4 attempts at attacking same NPC
Funny riot in the town of Chorrol
As you can see from the movies above, the Radiant AI is pretty cool... and funny too. It definitely is heaps better than Morrowind, that's for sure. I am sure Oblivion will live longer on the HD than Morrowind ever did.
The best thing is - Oblivion works, right out of the box. With Morrowind we had numerous crashes and slowdowns. We had to tweak INI files, to make it stop crashing. With Oblivion - nada. The only time I ever crashed to desktop was when I had a ton of things running in the background.

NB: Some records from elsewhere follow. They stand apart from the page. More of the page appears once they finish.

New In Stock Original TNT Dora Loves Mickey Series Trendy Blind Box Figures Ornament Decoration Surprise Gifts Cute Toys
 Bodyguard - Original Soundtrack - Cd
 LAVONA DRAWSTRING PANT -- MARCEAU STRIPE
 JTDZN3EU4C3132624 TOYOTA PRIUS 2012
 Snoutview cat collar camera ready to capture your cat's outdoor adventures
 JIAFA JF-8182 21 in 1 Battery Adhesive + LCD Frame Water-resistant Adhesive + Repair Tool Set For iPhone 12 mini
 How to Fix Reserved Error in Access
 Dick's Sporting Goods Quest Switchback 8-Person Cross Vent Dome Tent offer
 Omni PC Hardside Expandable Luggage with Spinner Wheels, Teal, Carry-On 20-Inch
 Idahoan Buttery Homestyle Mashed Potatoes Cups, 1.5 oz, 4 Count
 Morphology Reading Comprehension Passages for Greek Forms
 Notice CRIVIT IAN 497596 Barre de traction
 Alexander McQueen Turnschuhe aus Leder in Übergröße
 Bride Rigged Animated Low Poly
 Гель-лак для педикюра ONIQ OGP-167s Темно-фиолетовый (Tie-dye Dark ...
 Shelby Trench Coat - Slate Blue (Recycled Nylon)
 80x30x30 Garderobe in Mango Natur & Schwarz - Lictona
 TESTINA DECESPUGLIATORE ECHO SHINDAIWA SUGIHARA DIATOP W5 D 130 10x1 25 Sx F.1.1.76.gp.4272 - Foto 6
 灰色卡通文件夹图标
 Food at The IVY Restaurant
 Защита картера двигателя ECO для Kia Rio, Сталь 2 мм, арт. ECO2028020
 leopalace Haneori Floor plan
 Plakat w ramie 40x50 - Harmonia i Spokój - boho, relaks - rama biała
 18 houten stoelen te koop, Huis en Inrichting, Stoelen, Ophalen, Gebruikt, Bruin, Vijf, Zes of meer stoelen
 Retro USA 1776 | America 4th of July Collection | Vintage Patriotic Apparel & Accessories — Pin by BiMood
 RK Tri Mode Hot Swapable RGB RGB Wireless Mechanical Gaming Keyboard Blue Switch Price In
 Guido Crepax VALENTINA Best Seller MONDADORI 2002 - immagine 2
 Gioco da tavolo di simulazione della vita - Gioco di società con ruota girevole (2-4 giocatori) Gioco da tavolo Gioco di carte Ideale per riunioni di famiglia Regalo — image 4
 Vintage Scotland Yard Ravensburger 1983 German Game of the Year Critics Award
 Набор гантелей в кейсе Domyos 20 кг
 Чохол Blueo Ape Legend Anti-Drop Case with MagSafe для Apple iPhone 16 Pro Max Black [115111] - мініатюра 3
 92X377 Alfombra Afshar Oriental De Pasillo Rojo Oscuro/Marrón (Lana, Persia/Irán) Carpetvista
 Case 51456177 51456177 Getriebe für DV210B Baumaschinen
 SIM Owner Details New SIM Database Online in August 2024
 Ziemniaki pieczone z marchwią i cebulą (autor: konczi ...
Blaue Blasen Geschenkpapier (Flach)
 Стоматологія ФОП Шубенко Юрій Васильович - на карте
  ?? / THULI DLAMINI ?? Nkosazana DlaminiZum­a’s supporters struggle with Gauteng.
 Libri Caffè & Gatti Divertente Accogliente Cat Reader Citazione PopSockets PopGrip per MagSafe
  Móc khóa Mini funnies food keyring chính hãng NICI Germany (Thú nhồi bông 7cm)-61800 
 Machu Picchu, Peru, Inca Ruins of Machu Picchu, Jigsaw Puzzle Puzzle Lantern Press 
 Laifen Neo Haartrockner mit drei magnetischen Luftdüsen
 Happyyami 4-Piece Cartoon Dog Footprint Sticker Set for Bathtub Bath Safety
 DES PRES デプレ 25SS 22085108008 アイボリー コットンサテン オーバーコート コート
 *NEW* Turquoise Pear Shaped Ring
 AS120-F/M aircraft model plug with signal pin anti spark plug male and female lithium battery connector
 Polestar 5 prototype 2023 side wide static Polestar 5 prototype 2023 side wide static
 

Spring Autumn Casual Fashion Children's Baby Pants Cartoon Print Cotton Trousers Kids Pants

If you unload all your background tasks (including your anti-virus, anti-spyware, firewall etc), and I mean ALL, your background stuff, Oblivion will run steady as a rock. Yes, there isn't really a reason for you to be online to the Internet when you're playing Oblivion anyway - there's NO Multiplayer in Oblivion. It's strictly a single-player game, so it makes sense to run Oblivion on a bare-bones bootup configuration.
I suspect Oblivion is just memory hungry. I have run Oblivion for 6 hours straight on a bare-bone bootup without a single crash, and I have crashed under 3 mins on a regular bootup with all the background software on. Seems like Oblivion needs about 1.5GB RAM to run comfortably.